# ==========================================================================================
# 13. COMMON EXAM TRAPS (MANDATORY SECTION)
# ==========================================================================================

import numpy as np

# ------------------------------------------------------------------------------------------
# Data leakage examples
# ------------------------------------------------------------------------------------------
# - Scaling using the mean/std from the full data (including test)
# - Selecting features using target in test set
# - Cross-validation folds not stratified (labels leaking between train/test)
# - Including post-outcome variables when predicting

# ------------------------------------------------------------------------------------------
# Invalid statistical tests
# ------------------------------------------------------------------------------------------
# - Using parametric tests (t-test) on non-normal data
# - Ignoring repeated measures (independence violation)
# - Using a test for proportions on continuous data

# ------------------------------------------------------------------------------------------
# Misinterpreting p-values
# ------------------------------------------------------------------------------------------
# - p-value is not the probability that H0 is true
# - p>0.05 does not prove equality

# ------------------------------------------------------------------------------------------
# Multiple testing problem
# ------------------------------------------------------------------------------------------
# - Conducting many tests inflates chance of Type I error
# - Correction: Bonferroni (divide alpha by #tests), less strict: FDR

# ------------------------------------------------------------------------------------------
# Overfitting via preprocessing
# ------------------------------------------------------------------------------------------
# Wrong: Select features or scale on whole data before CV
# Correct: All preprocessing must fit only on train split (or within CV fold), applied to test.

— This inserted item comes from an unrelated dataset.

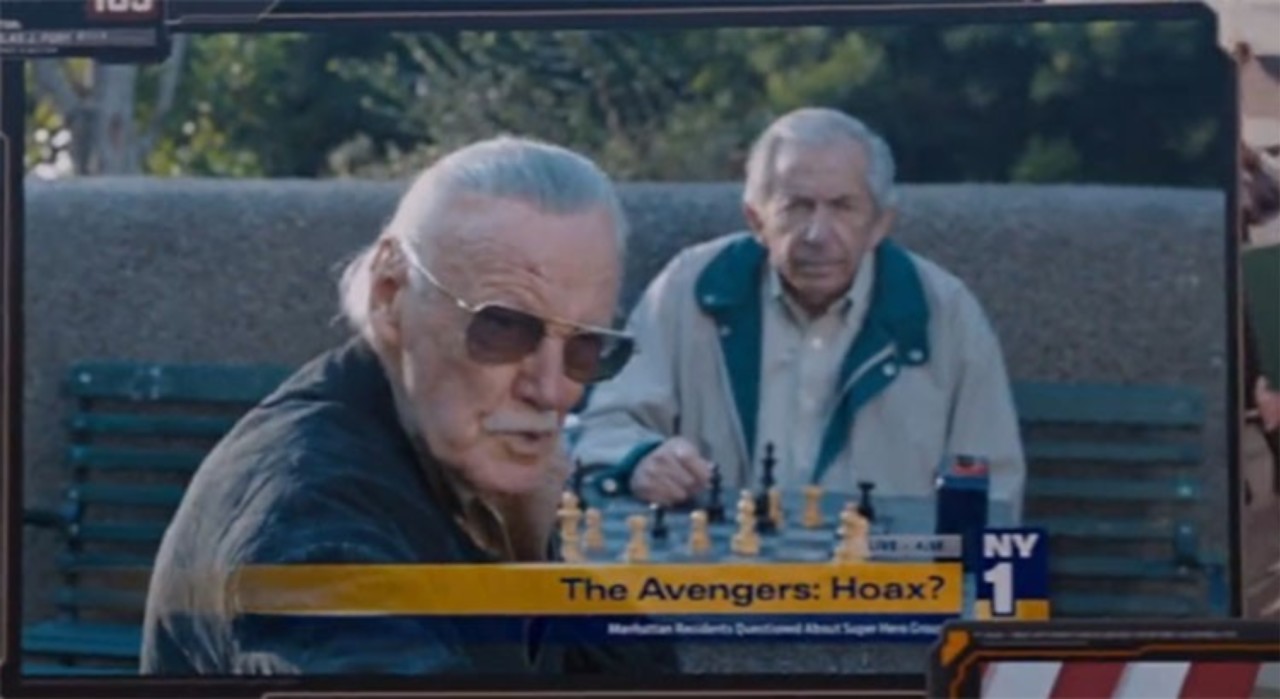 spideyjlaw:  thank you mr. stan leefor all that you’ve doneyou’ve created a world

# ------------------------------------------------------------------------------------------
# Using accuracy on imbalanced data
# ------------------------------------------------------------------------------------------
# Accuracy can be misleading (e.g., 99% accuracy when positive class is only 1%)
# Proper metrics: balanced accuracy, MCC, PR-AUC

# ==========================================================================================
# 24. EXAM META-KNOWLEDGE (EXAM "TRICK QUESTIONS" & PITFALLS)
# ==========================================================================================

# Professors design trick questions by:
# - Violating an assumption (e.g., non-IID data for a test requiring IID)
# - Using confounders/hidden variable scenarios (Simpson's paradox)
# - Subtle data leakage (preprocessing before splitting)
# - Confusing correlation and causality
# Typical false statements:
# - "ROC AUC is always a good metric." (FALSE: not on imbalanced data)
# - "Feature importance means the feature is causal" (FALSE)
# - "If model accuracy is 99%, model is good" (FALSE if major class is 99%)
# Looks correct but wrong:
# - Using non-stratified cross-validation for imbalance
# - Comparing models on test set, not validation
# - Relying solely on p-values
# Justify choices:
# - Always state assumptions
# - Connect code/statistics to hypotheses
# - Show, not assume, that the conditions for each method hold

# ==========================================================================================
# 45. DATA UNDERSTANDING & DATA-CENTRIC KDD
# ==========================================================================================

# ----------------------------------------------------------------------------------------------------------------------
# A. DATA TYPES & STRUCTURES
# ----------------------------------------------------------------------------------------------------------------------
# Numerical: 
#   - Continuous (e.g., height)
#   - Discrete (e.g., count of pets)
# Categorical: 
#   - Nominal (no order: color)
#   - Ordinal (ordered: grade)
# Binary: Exactly two states (0/1, yes/no)
# Temporal: Data indexed by time (e.g., stock price)
# Textual: Sequences of tokens; no natural numeric representation (concept)
# Spatial: Lat/long or geometries; requires geospatial/statistics knowledge (concept)

# Why type assumptions matter:
# - Wrong encoding/bad test: e.g. treating nominal as ordinal (violates distance, means).
# - E.g. k-means on categorical/binary = meaningless; t-test on ordinal = invalid assumptions.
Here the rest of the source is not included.